EWG noted that the outrageous profits big oil companies made last year didn’t quell their anger toward paying windfall profit taxes in some countries. Exxon is suing the European Union over its recent windfall profit tax. And both Shell and Total Energies say each company will pay more than $2B in windfall profit taxes in the EU and Great Britain.
The Group said there is no such tax on these and other oil giants in the U.S., but last October, President Joe Biden condemned the oil industry for reaping record profits but not lowering gas prices that have battered U.S. consumers.
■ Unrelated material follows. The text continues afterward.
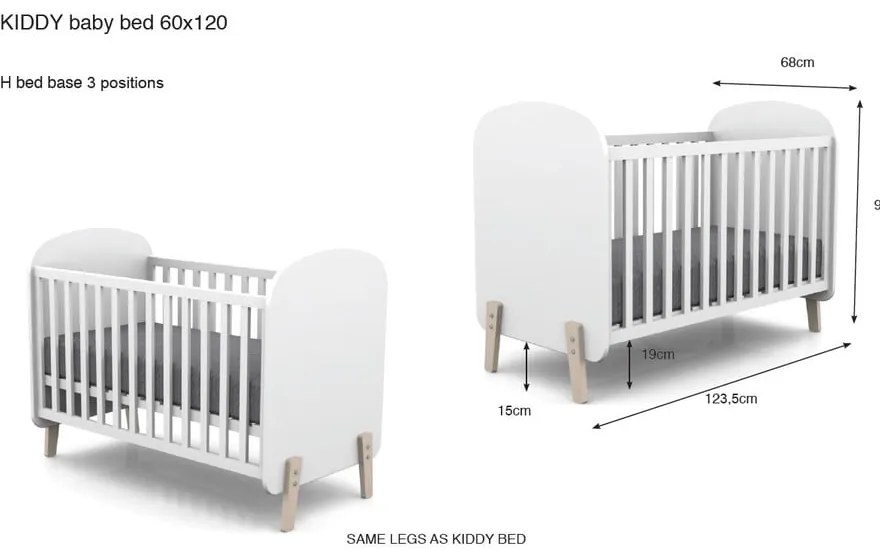Łóżeczko dziecięce Vipack Kiddy, 60x120 cm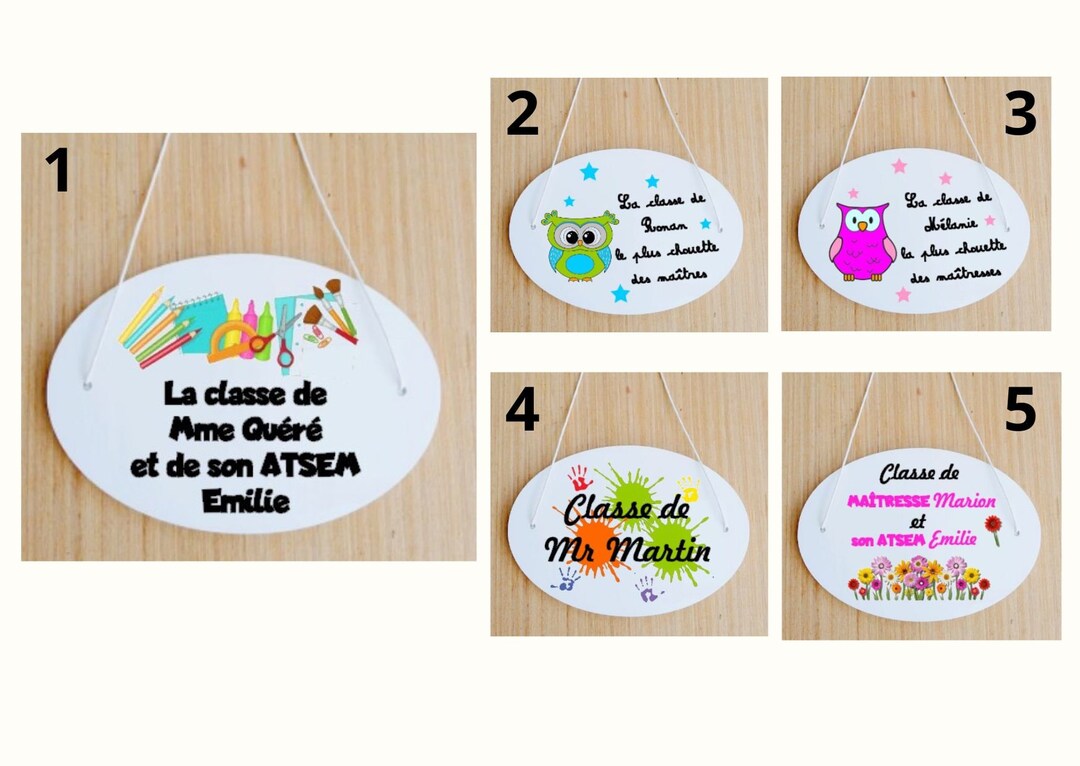 Plaque de porte de classe d'école, cadeau pour maître, maîtresse et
At the time, EWG said it urged the US President and Congress to support legislation that would impose a windfall profit tax.
EWG reported that in a recent interview with Bloomberg, Chevron’s CEO, Mike Wirth, sought to downplay the industry’s record profits, calling his own company’s almost $40 billion haul in 2022 a “modest return.”
It was stated that while these oil companies are enjoying all-time high windfall profits, paychecks for working- and middle-class people are taking an enormous hit, forcing families to make difficult decisions between the need to commute and the rising costs of living.
“The situation is particularly dire in California, where just five oil refiners produce nearly 100 percent of the gas sold in the state. They get to set the price per gallon at every gas station, resulting in California having astronomical gas prices far higher than the rest of the country.”
Late last year, the typical price for a gallon of gas in California was nearly twice the national average – as high as $7 in some areas of the state. That prompted Newsom and members of the state Legislature to push a proposal that would levy penalties on the state’s oil refiners, which have reaped record profits on the backs of hard-working people, and return the money to Californians through refunds. In response to Newsom’s plan, Western States Petroleum Association President Catherine Reheis-Boyd said, “demonizing the oil industry must stop.”
Last August, United Nations Secretary-General Antonio Guterres urged nations apply measures that would allow them part of the massive cash oil companies were making. He described it as “grotesque greed” by oil and gas companies and their financers. He urged global government to tax these excessive profits to support the most vulnerable people and shield them from unscrupulous oil operators.
Guterres had said, “It is immoral for oil and gas companies to be making record profits from this energy crisis on the backs of the poorest people and communities, at a massive cost to the climate.” In light of the sensational profits, US President Biden has even described the oil companies as making “more money than God.”